Secrets scanning for a 200+ repo GitHub org, with zero developer setup (tiny)

When you have 200+ repositories and hundreds of pushes per day, secrets end up in git. The hard part at scale is not detection - it is making coverage automatic.

We wanted a scanner that:

runs on every push, every branch, across the org
requires zero developer setup (no hooks, no CI retrofits)
routes findings quickly
stores no secret values

The pipeline

GitHub push webhook -> verify GitHub HMAC signatures -> dedupe by commit SHA -> AWS Lambda clones at that SHA -> TruffleHog filesystem scan (verify) -> normalize JSON -> store metadata + SHA-256 only -> Slack alert + dashboard.

Two boring controls make it reliable:

Authenticity: reject webhooks with invalid signatures.
Idempotency: GitHub retries happen; commit SHA dedupe turns duplicates into no-ops.

What we scan (and what we don’t)

We scan GitHub org repos at the pushed commit SHA. That gives a clean, reproducible unit of work: “scan this snapshot”.

We do not scan developer laptops or anything outside GitHub org repos. That is a separate project with a different threat model.

We scan the repository as a filesystem snapshot, not full history. The goal is fast feedback: “did a secret just enter the repo contents?”

Data model: hash-only

We do not store secret values anywhere.

When TruffleHog returns a finding, we hash the secret in-memory, store the hash and metadata (repo, branch, file path, provider), then discard the value.
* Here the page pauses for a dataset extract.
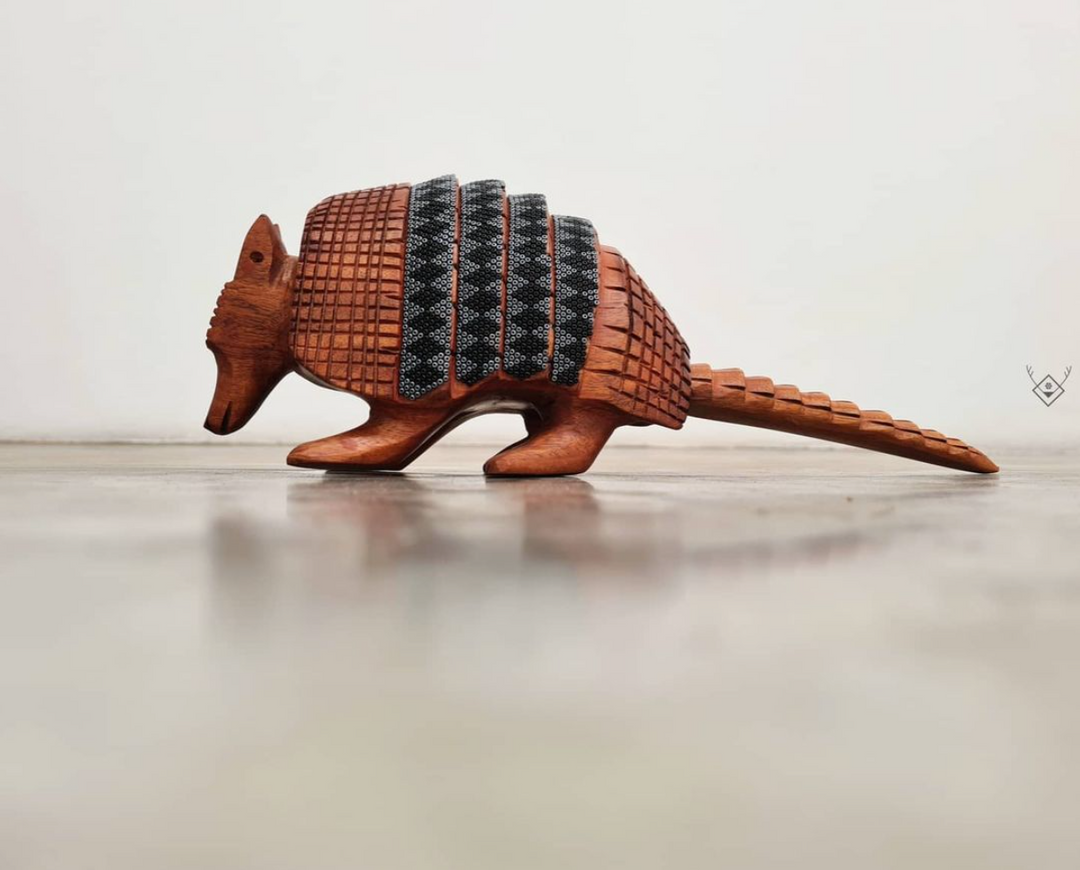 ARMADILLO HUICHOL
We keep the store focused on the operational present: current open findings. When the secret is removed and no longer detected, the finding disappears.

Triage workflow

Alerts go to Slack with actionable metadata:

repo + branch
commit SHA + author
file path
provider + verification status (when supported)

The remediation loop stays boring:

Remove the secret from the repo
Rotate or revoke the credential
Confirm the finding is gone
Prevent recurrence (secret manager or env injection)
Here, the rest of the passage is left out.